Listening to de Haas’ talk on Monday I was struck by how the myths he deconstructed reflect the very forces that bring me to where I am today.

Ireland was historically a country that people left. My dad, grandfather, his father, and generations of great-uncles and aunts and cousins, all forced from home by poverty, famine or religious oppression. 

The statistics de Haas discussed, drawing a correlation between economic cycles and emigration… they are the story of my family too. 

But while Ireland was historically a place people left, it isn’t anymore. Transformed over recent decades, it’s a place people move to. 

Economic migration – on both sides of my family – has (literally) made me who I am. Where my family ended up gave me the resources and education to make my own choices to migrate. While the Irish passport I have as a result now gives me an extraordinary amount of privilege, in global terms, to choose where I live.
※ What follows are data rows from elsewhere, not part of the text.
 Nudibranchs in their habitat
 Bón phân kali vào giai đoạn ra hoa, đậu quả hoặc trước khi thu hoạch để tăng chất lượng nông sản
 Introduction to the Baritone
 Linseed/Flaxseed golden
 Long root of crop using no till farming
As I walked home from Science & Cocktails I realised that at the very same moment, the Parliament of my other nation were voting on the Rwanda Bill, a despicable piece of legislation that guts the UK’s the moral standing, will cost a fortune and inflict misery on a tiny handful of people while doing absolutely nothing to decrease illegal migration to the UK.

De Haas’ closing line rang through my head: “Instead of wasting taxpayer money on failed policies that will only create suffering, we need a new approach that’s based on facts”.
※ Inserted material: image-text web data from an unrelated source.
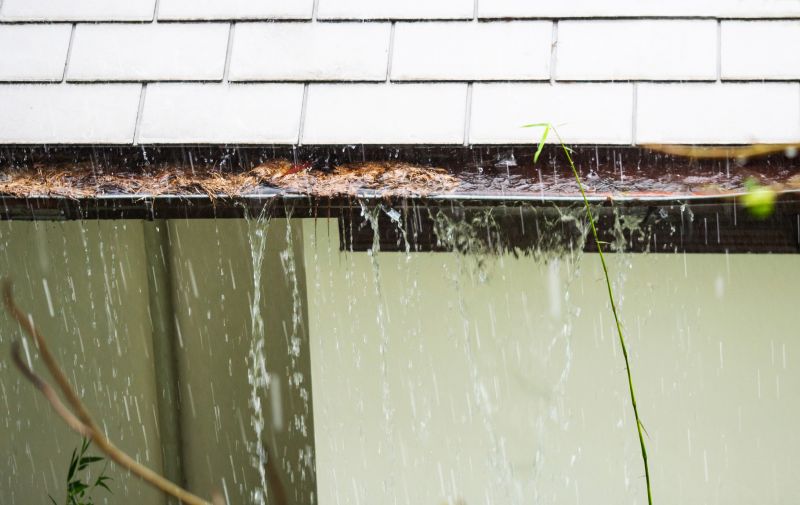 Clogged Gutters with Debris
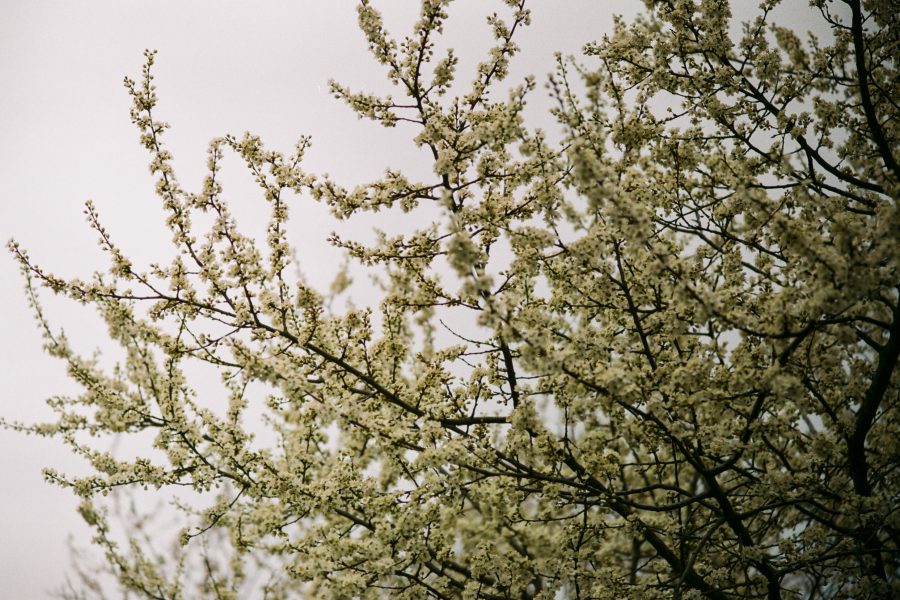 Irgendwie typisch für diesen Frühling 2021. Zurückhaltend, bedeckt. Aber immerhin, nach diesem schrecklichen Winter. M-Rokkor 90/4 an Minolta CLE, Fuji C200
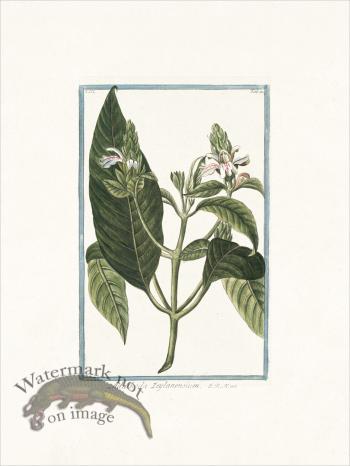 Bonelli 210 Adathoda Zeylanensium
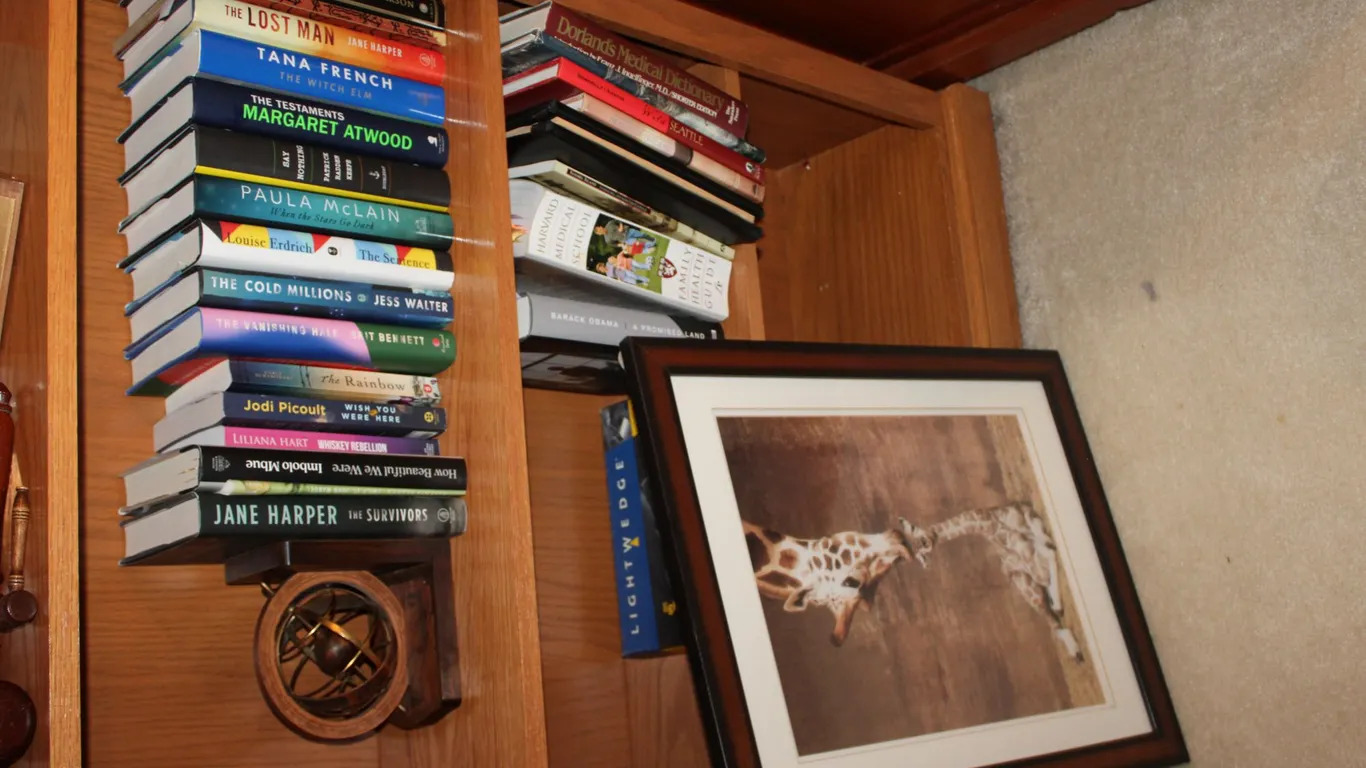 Books, Giraffe Art & Décor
Some things I did this week

  • Finished and submitted an intranet discovery/business case development
  • Spent a little time with a client to plan how to take the discovery work I did forward through changes to processes and ways of working. Making sustainable change is never just about the technology you have, but about your people and the way they use those platforms and tools. Organisations need to spend time and money on adoption, training and reviewing processes to any tech is aligned with how the organisation works, or investment in tools just won’t be realised. It was encouraging to see how much thought the team had put into how they’ll embed change themselves, and model behaviours for their wider network
  • Intranet pilot started digging in to the weeds on branding and design
  • MCed an event for Poppulo on aligning Comms with board-level strategic goals (more on which below)
  • Saw The Pixies perform the whole of Bossanova and Trompe de Monde. Underrated albums, both, and it was a joy to hear them both in full. Plus a couple of greatest hits tacked on the end.

What I’m reading

Be Funny Or Die. I picked this out partly because I wanted something easier going after the Robin Dunbar book, so I was surprised to find an overlap in themes. 
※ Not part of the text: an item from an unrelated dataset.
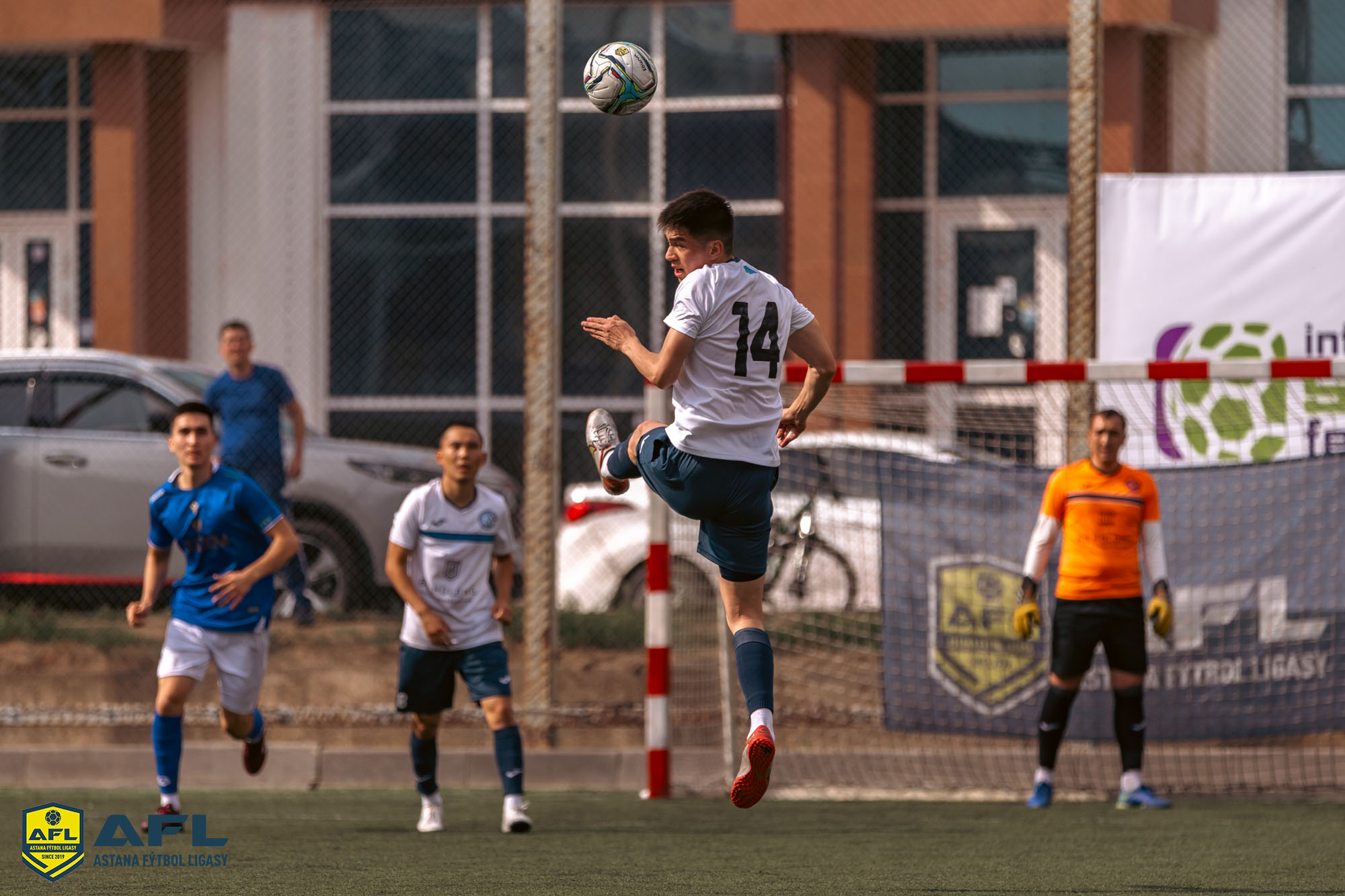 IMG 6024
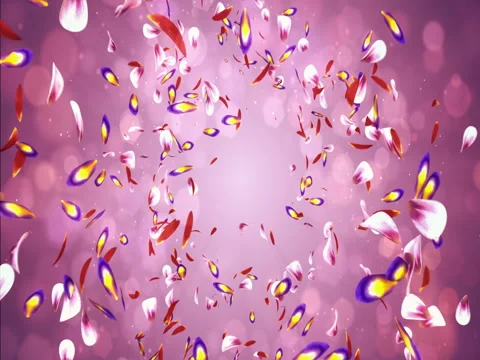 Falling Romantic Red Pink Yellow Sakura Flower Petals Flying Background Loop 4k Stock Footage 71409578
Comedy writer Joel Morris is an old mate and in this book he unveils the secrets and science of humour. Sharing jokes is an evolution of primate grooming behaviour that cements social bonds. Like tickling, but for your brain.

Evolution is a story of survival of the fittest – and the funniest.

Packed with example gags from some of the top comedies of our time, covering everything from stand-up to slapstick, Be Funny or Die is a deep dive into how our species has honed and embraced this crucial mode of expression, and why some jokes fall flat.

I also started watching For All Mankind, years after everyone else raved about it. Finger on the pulse as always.

The hotel review no one asked for

None. An entire week in my own bed. Joy!

Connections

On Thursday I MCed an event for comms platform vendor Poppulo, including moderating a brilliant panel discussion with four fantastic senior internal comms folks. 

It was my first time Emceeing an in-person event in ages and I genuinely feel like I’ve got loads better at it. I think the comedy has helped me be less reliant on notes/script. I also enjoyed it a lot more.

I haven’t done much networking-type stuff since moving here – what with the old global pandemic putting the kybosh on events – so it was lovely to chat to loads of other comms nerds. I left feeling so energised. I should do more of it. 

Coverage

I wrote a piece for Reworked on the importance of user research and change management in automation programmes, and why we need to look for the spreadsheets and the stories behind them.